Your Worst Customer is Your Best Friend
Huh? How can that be? Well, according to the book What Would Google Do?, in a “google universe” most information is both public and transparent. That means you can save a lot of anxious moments down the road (not to mention revenues) by knowing your worst customers and finding out what they have to say. Imagine a world where customers could not pan your products or services with a few clicks of the mouse. A world where bad product and service reviews could not be easily tracked or discovered. In that world, negative news would spread slowly and stealthily by word of mouth and, by the time you found out about it, it could be too late (and infinitely more expensive) to fix.
What’s the lesson here? Leverage the Web and social media tools to get as much feedback from your customers as possible. Give your worst customers the opportunity to speak up quickly and easily so you can fix their grievances in the same fashion. Here is author Jeff Jarvis’s description of a restaurant run according to Googlethink. Once you read it, ask yourself how it applies to your business. What can you do to find your worst customers/best friends?
“What would a restaurant run according to Googlethink look like—other than being decorated in garish primary colors with a neon sign, big balls for seats, and Fruit Loops and M&Ms on every table?
Imagine instead a restaurant—any restaurant—run on openness and data. Say we pick up the menu and see exactly how many people had ordered each dish. Would that influence our choice? It would help us discover the restaurant’s true specialties (the reason people come here must be the crab cakes) and perhaps make new discoveries (the 400 people who ordered the Hawaiian pizza last month can’t all be wrong??? Can they?).
If a restaurateur were true to Googlethink, she would hunger for more data.
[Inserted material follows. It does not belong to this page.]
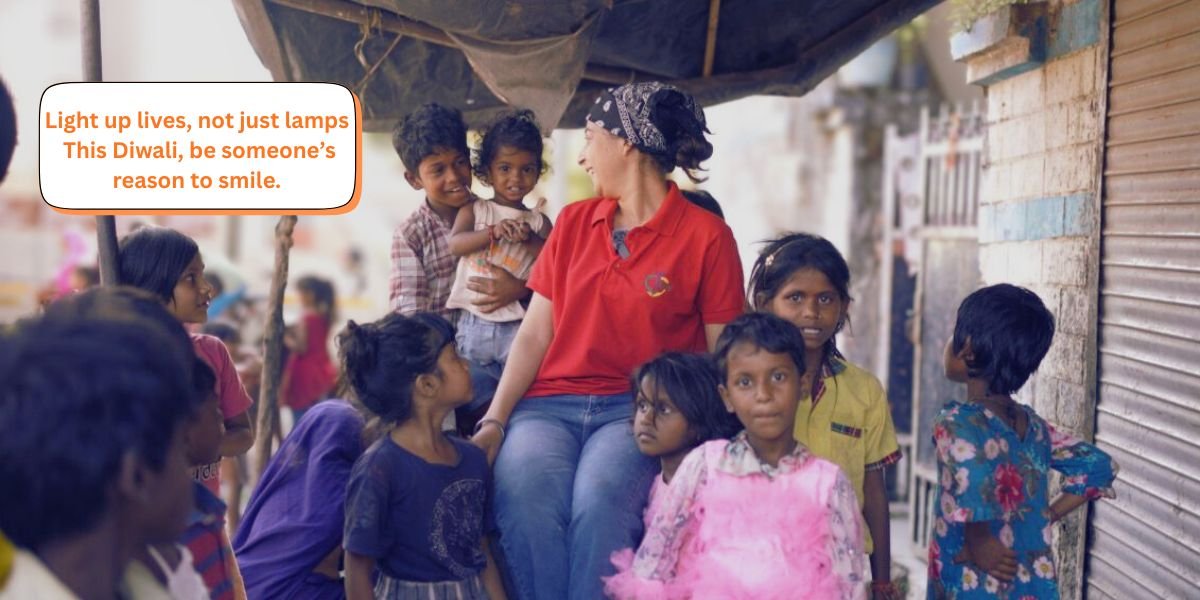 This Diwali, Share Happiness with Poor Children in Dehradun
Why not survey diners at the end of the meal? That sounds frightening—what if they hate the calamari?—but there’s little to fear. If the squid is bad and the chef can hear her customers say so, she’ll 86 it off the menu and make something better. Everybody wins. She’ll also impress customers with her eagerness to hear their opinions. This beats wandering around the tables, randomly asking how things are (as a diner, I find it awkward and ungracious to complain; it’s like carping about Grandmother’s cranberry sauce on Thanksgiving). Why not just ask the question and give everyone the means to answer? Your worst diner could be your best friend.”